Current estimates suggest a single patient generates close to 80 megabytes each year in just imaging data within their electronic medical record (EMR). This data is multiplied by each new Internet of Medical Things (IoMT) technology, medical device, health tracker and even smartphone that are increasingly becoming a part of our healthcare infrastructure.
Additional factors driving data growth are falling digital storage costs, consumer acceptance of cloud-based services and subscription models, the ramp in adoption of electronic health (eHealth) and mobile health (mHealth), and wearable technologies, as well as recent government initiatives and regulatory mandates purposed to open up and democratize data sharing.

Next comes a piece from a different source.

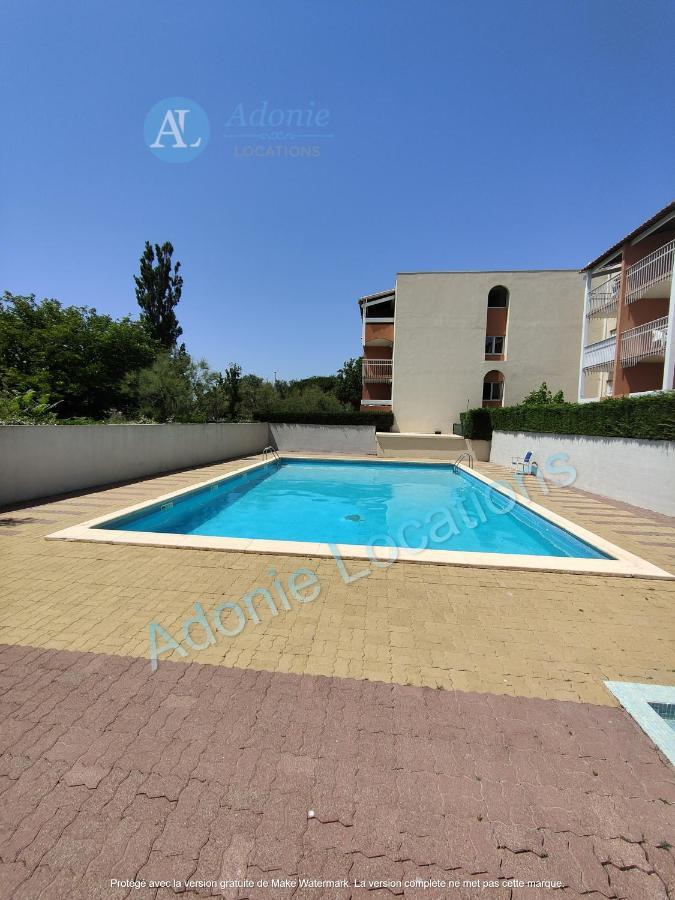 Richelieu - Rochelongue - Bord De Mer - Primavera - Parking Apartment Агде Екстериор снимка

Data management and analytics are now mandatory competencies across the healthcare industry, catalyzing a whole series of mission-critical questions. Some of the most pressing questions include how to use data to improve health for individuals and the greater population, as well as how to protect data. Healthcare providers, pharma companies, established medical device and equipment OEMs, and non-traditional entrants to the industry are all taking vigorous steps to work through the answers to these questions to better position themselves for the future of global healthcare.

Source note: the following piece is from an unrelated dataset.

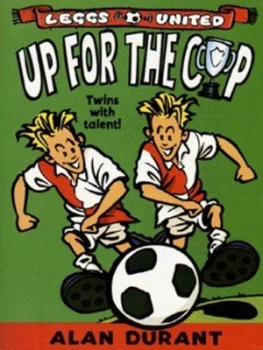 Image of Up for the Cup by Alan Durant Paperback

The Three Vs of Healthcare Data
According to research and advisory firm Gartner, three words beginning with the letter "V" provide a helpful frame for understanding the term "big data": volume, velocity and variety. Gartner analyst Doug Laney came up with these three Vs back in 2001.
The sheer volume of healthcare data is growing exponentially and at an explosive rate. Velocity is proving itself as a differentiator in numerous industries. What about variety? Well, it's complicated.

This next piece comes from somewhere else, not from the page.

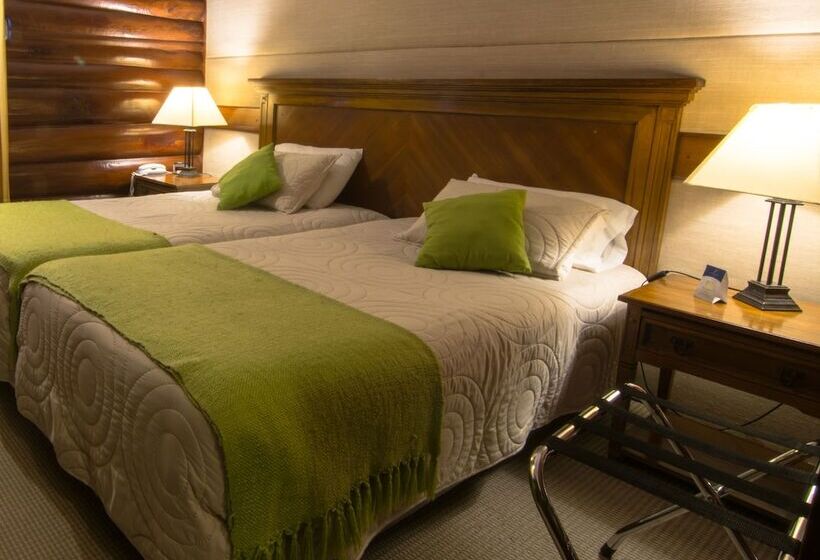 غرفة قياسية, Panamericana Hotel Ancud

There are two types of healthcare data. Structured data involves quantifiable values, using a national vocabulary standard or proprietary coding, such as EMRs; on the other hand, unstructured data refers to data that requires manual analysis and interpretation, such as physician notes and x-ray images.
In truth, the complexity of the modern healthcare system is at such a scale that it's necessary to enlist a few more letter "V" words to fully capture the challenge of extracting actionable insights.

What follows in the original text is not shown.